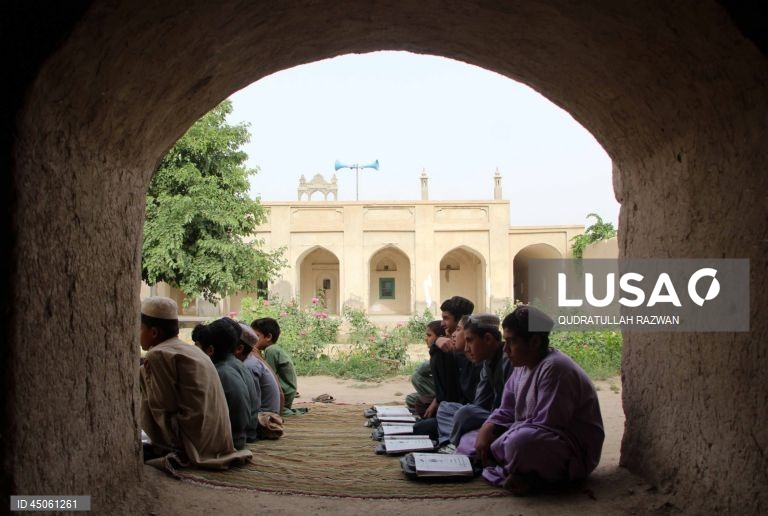 Afeganistão: Fundação Sherzad promove educação primária em Kandahar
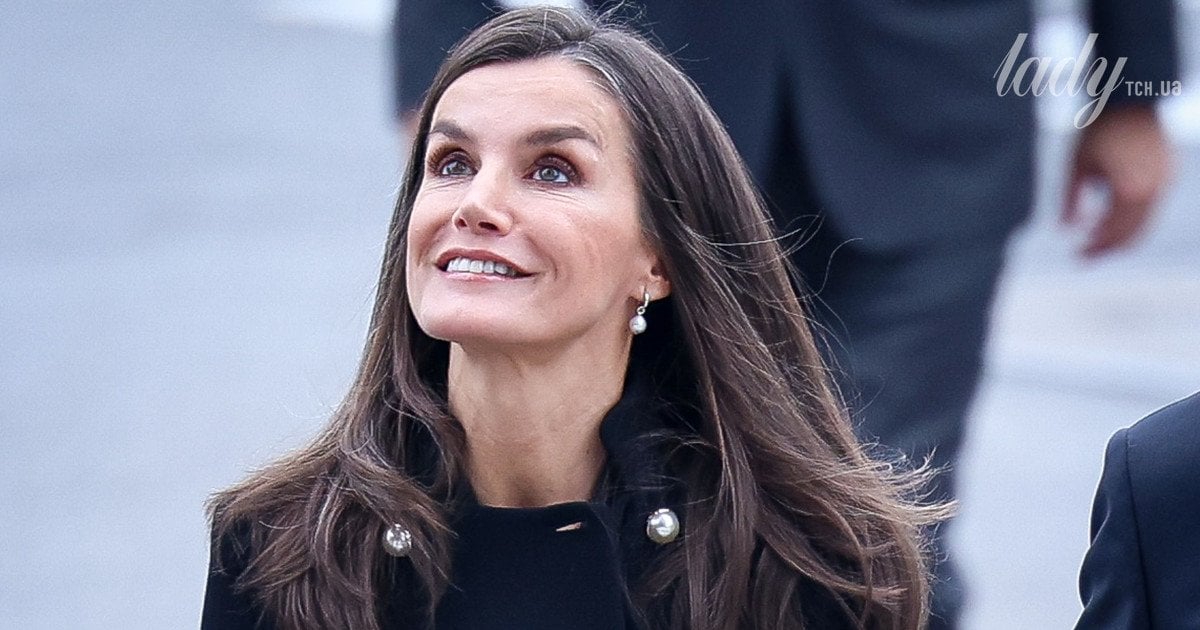 Королева Летиція з сумкою Carolina Herrera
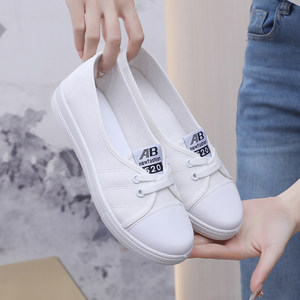 
2026 new Korean style versatile comfortable casual shoes Internet celebrity white shoes for women shallow breathable student canvas shoes for women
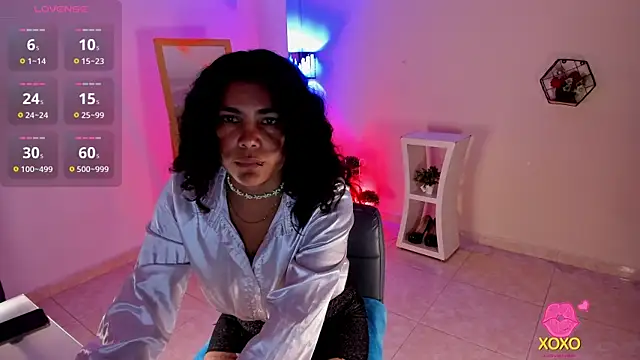 amelyaDreams online show from November 10, 2025, 7:13 pm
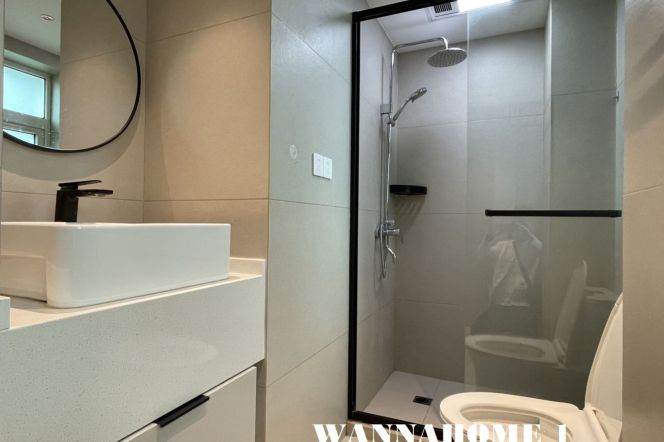 Large Balcony/Spacious&Modern 3Bdrs 2Baths/L14 Wu Ding Rd+ Jing An Temple/Nice Compound
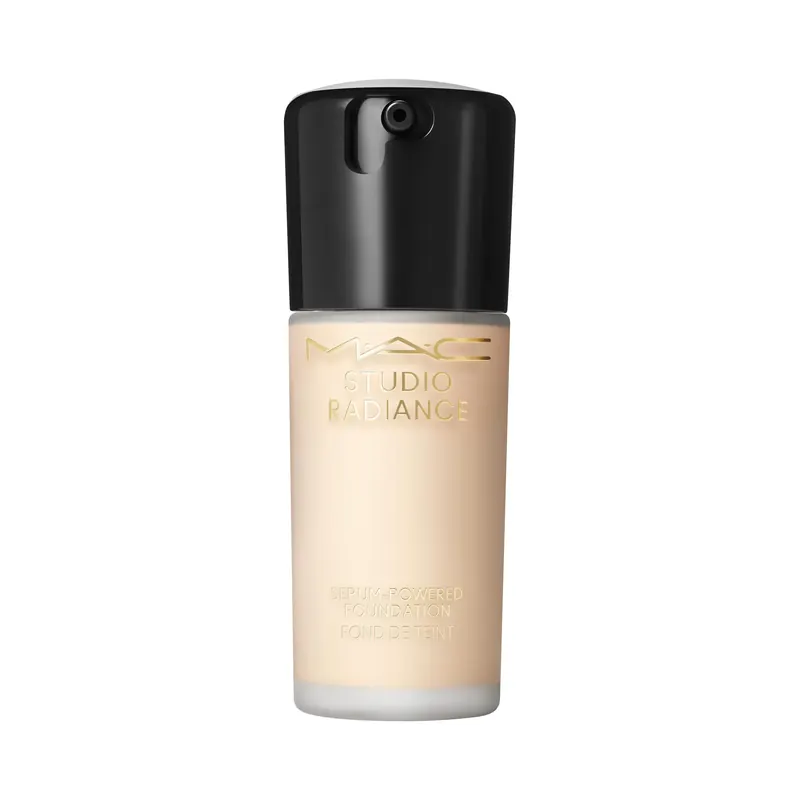 Studio Radiance Serum-Powered Foundation NC10 MAC | Pinalli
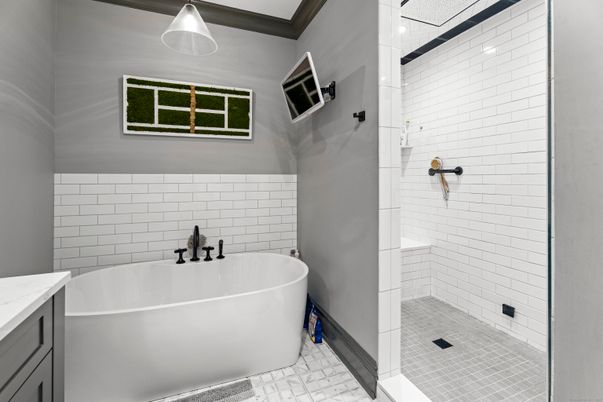 Bathroom, Free Standing Baths, Interior, Pendant Lights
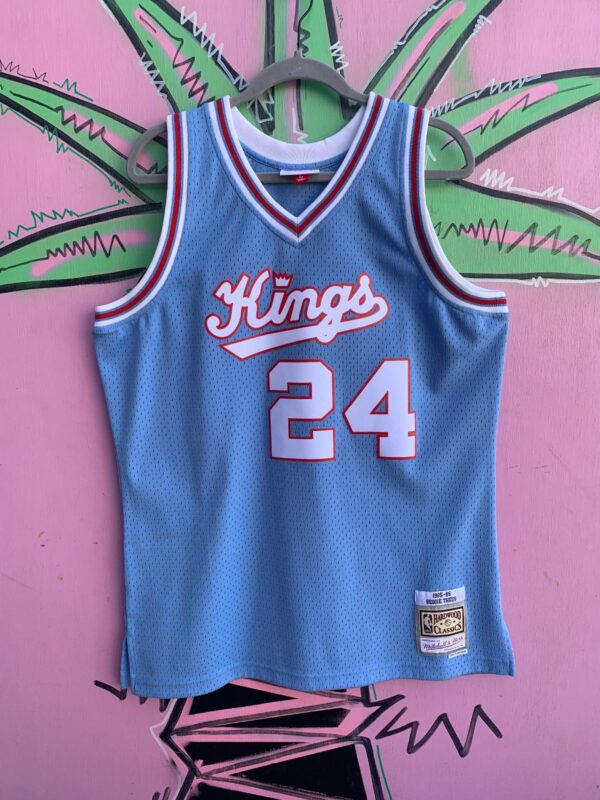 SACREMENTO KINGS REGGIE THEUS 24 BASKETBALL HERITAGE JERSEY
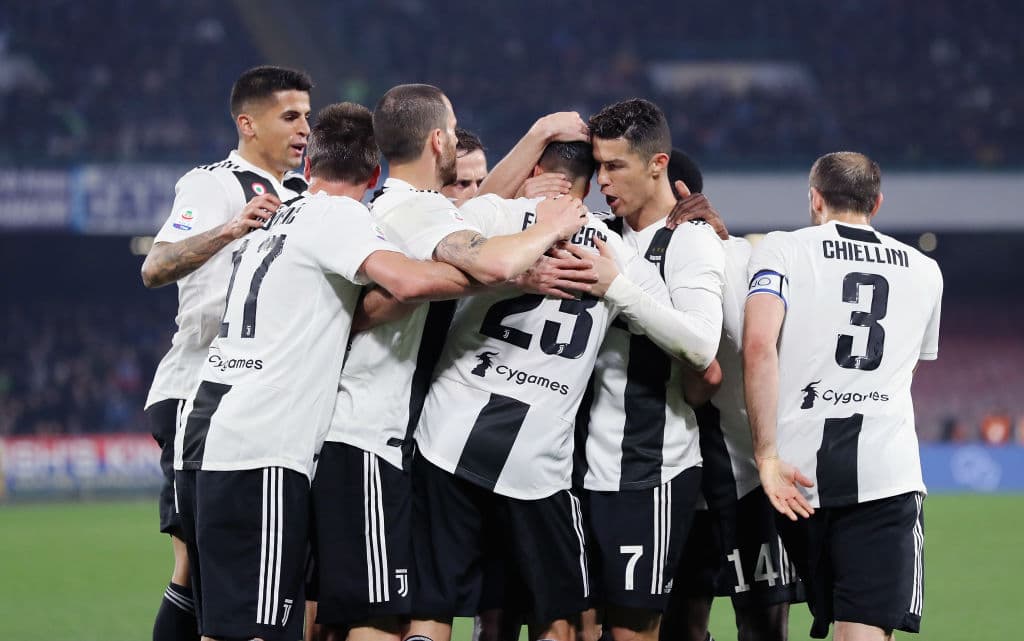 Juventus llegó a 72 puntos y acaricia su octavo título al tomar 16 de ventaja sobre Napoli. Su próximo juego será como local ante Udinese.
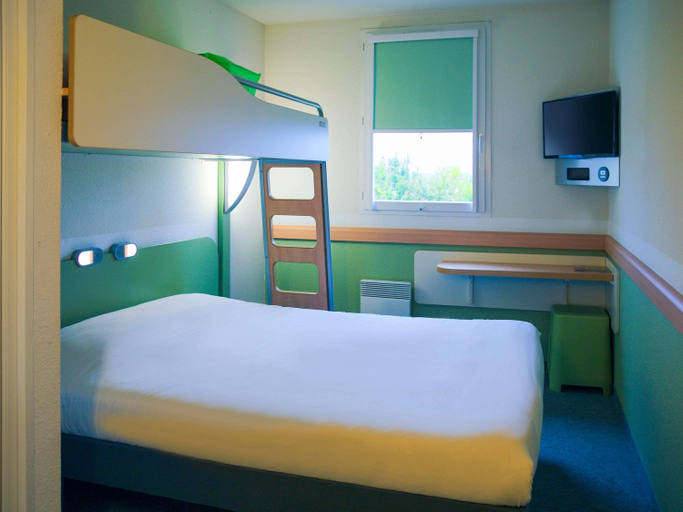 Bedroom 3, ibis budget Niort Est La Creche, Deux-Sèvres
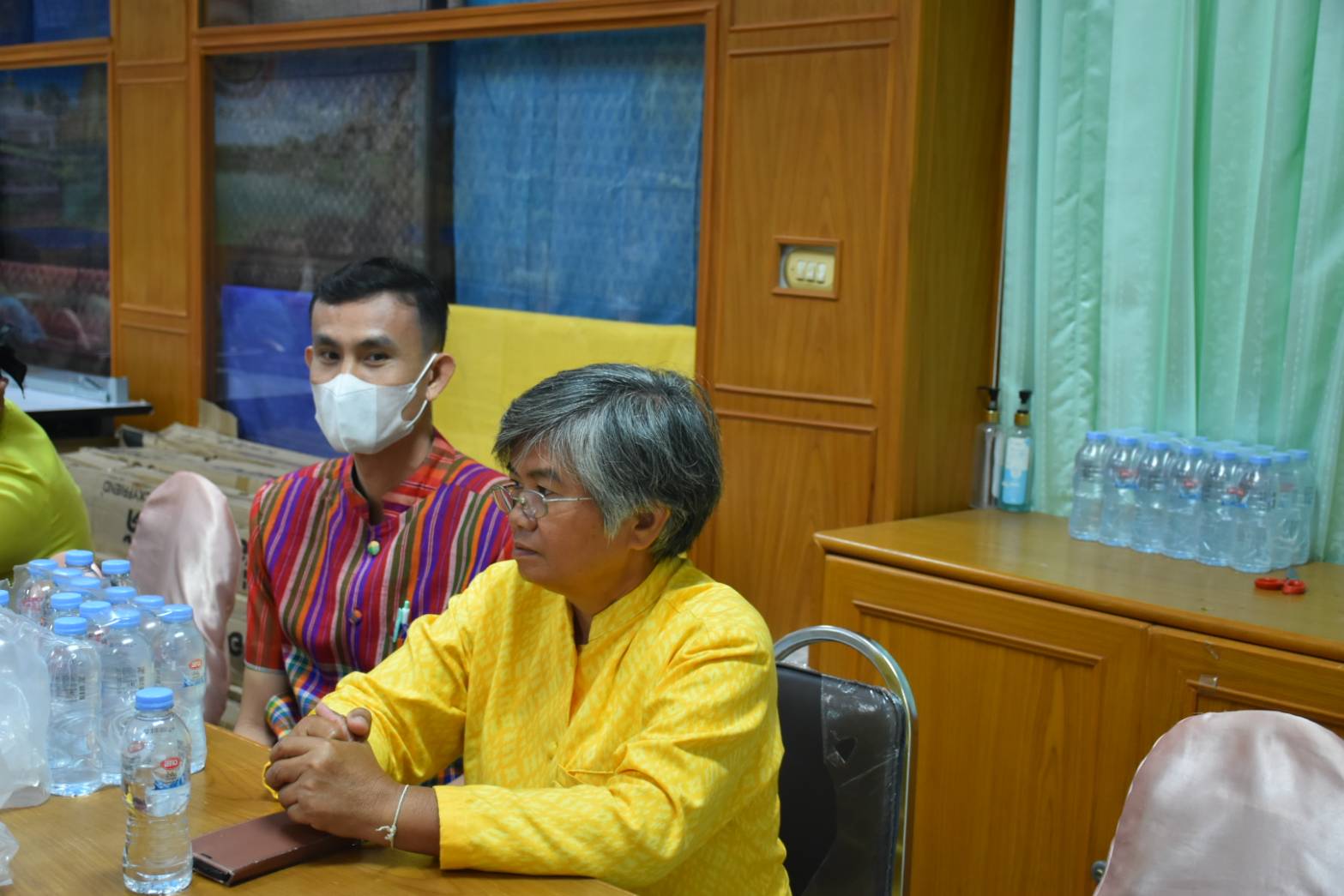?พช.มหาสารคาม จัดประชุมผู้ประกอบการ OTOP เตรียมเข้าร่วมงานศิลปาชีพประทีปไทย OTOP ก้าวไกลด้วยพระบารมี ปี พ.ศ. 2566 ?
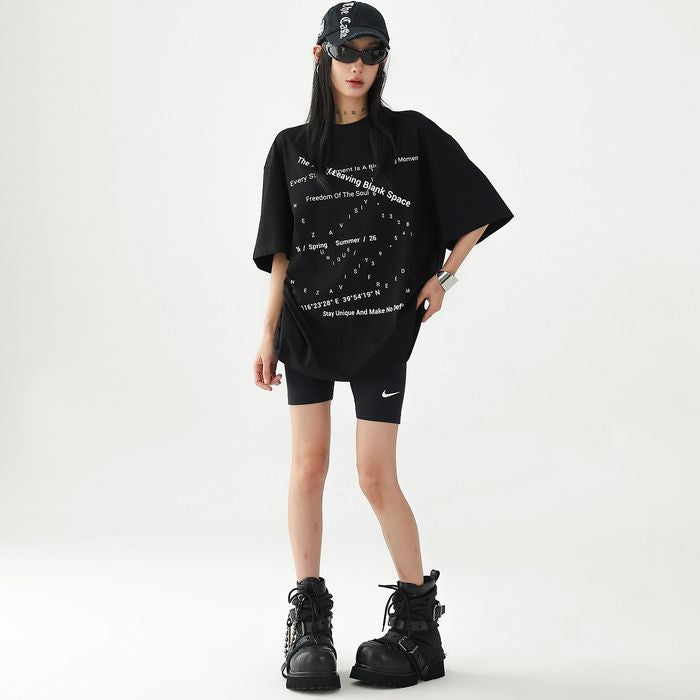 グラフィックレタリング オーバーサイズTシャツ 10202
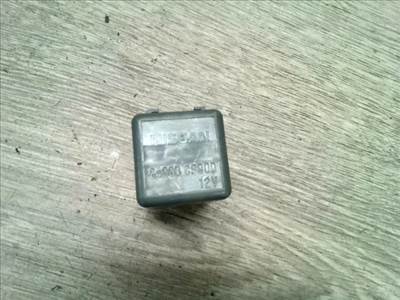 NISSAN PRIMERA P12 2001-2007 Relé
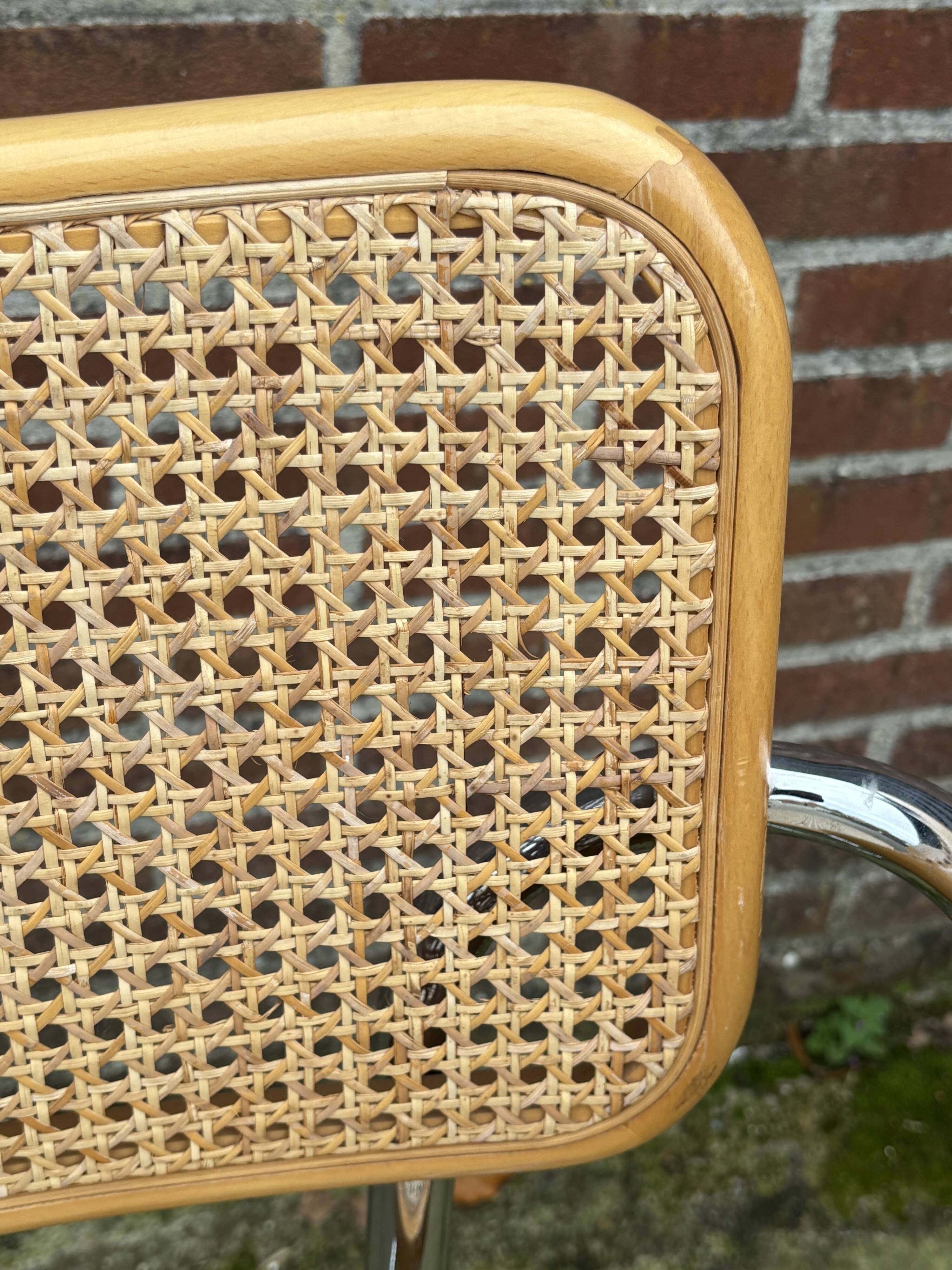 Set of 4 Cesca chairs model B64 with armrests Cesca Marcel breuer design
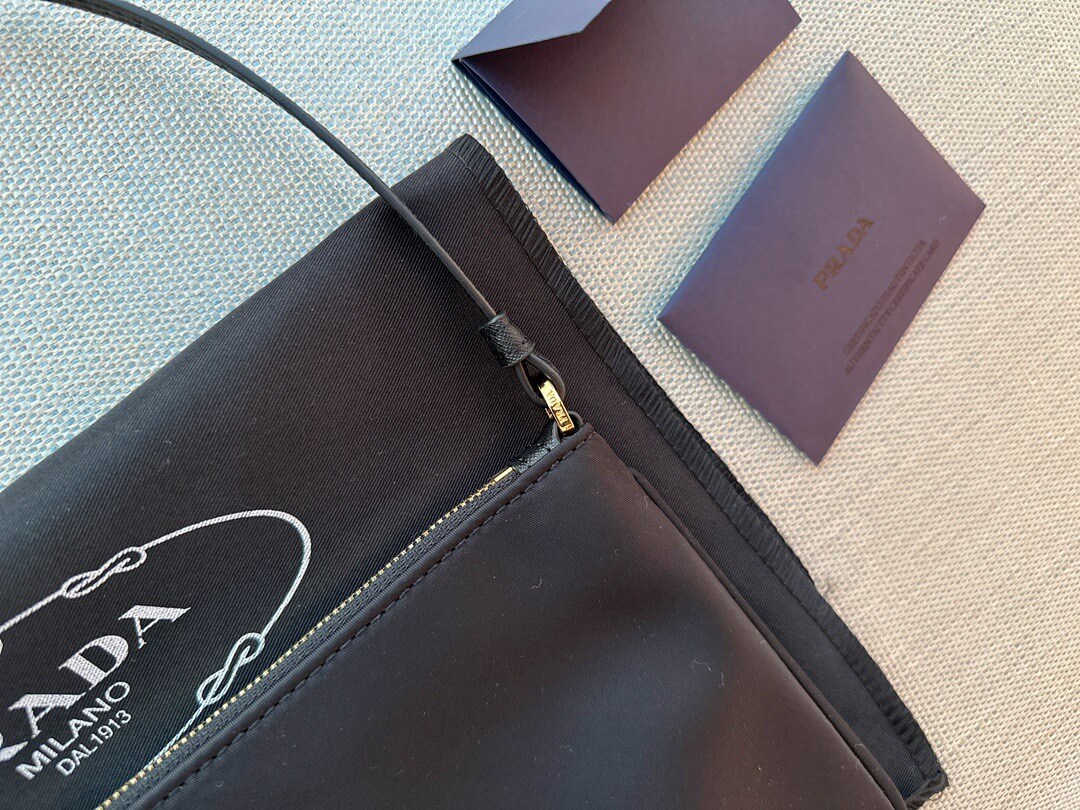 PR Pochette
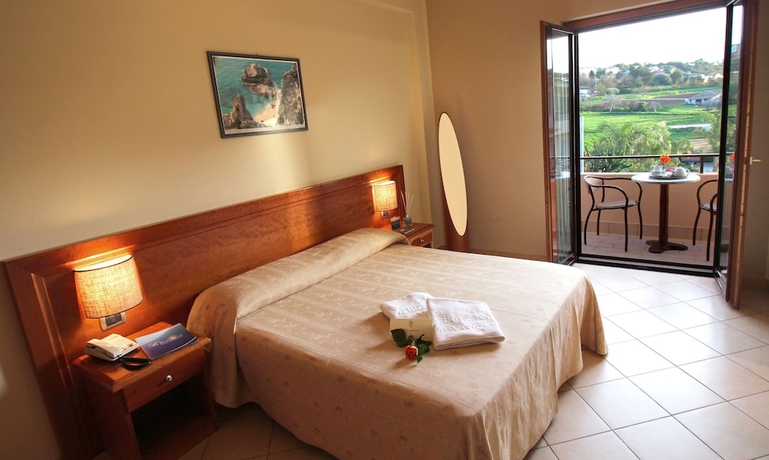 Imagen de la habitación del Hotel La Bussola Restaurant. Foto 5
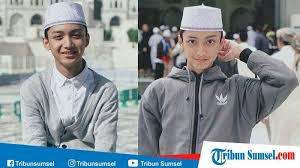 No guz asmi asli bagi no wa kk gus azmi nomer gus azmi no hoax asli jangan lupa like and subscribe karena subscribe itu gratis apah gratis bagi no wa gus azmi real  heboh  gus reza bocorkan no hp gus azmi assalamuallaikum jangan lupa subscrebe channel ini untuk mendukung channel ini terus berkembang aktifkan notifikasi. Profil Lengkap Gus Azmi Vokalis Syubbanul Muslimin Grup Sholawat Yang Tak Kalah Dengan Nissa Sabyan Tribun Sumsel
--------------------
Please output, exactly as written, the lines above from the one holding "Large Balcony/Spacious&Modern 3Bdrs" through the one holding "PR Pochette", both included, with the pictures omitted.

▶ _Final answer_
 Large Balcony/Spacious&Modern 3Bdrs 2Baths/L14 Wu Ding Rd+ Jing An Temple/Nice Compound
 Studio Radiance Serum-Powered Foundation NC10 MAC | Pinalli
 Bathroom, Free Standing Baths, Interior, Pendant Lights
 SACREMENTO KINGS REGGIE THEUS 24 BASKETBALL HERITAGE JERSEY
 Juventus llegó a 72 puntos y acaricia su octavo título al tomar 16 de ventaja sobre Napoli. Su próximo juego será como local ante Udinese.
 Bedroom 3, ibis budget Niort Est La Creche, Deux-Sèvres
?พช.มหาสารคาม จัดประชุมผู้ประกอบการ OTOP เตรียมเข้าร่วมงานศิลปาชีพประทีปไทย OTOP ก้าวไกลด้วยพระบารมี ปี พ.ศ. 2566 ?
 グラフィックレタリング オーバーサイズTシャツ 10202
 NISSAN PRIMERA P12 2001-2007 Relé
 Set of 4 Cesca chairs model B64 with armrests Cesca Marcel breuer design
 PR Pochette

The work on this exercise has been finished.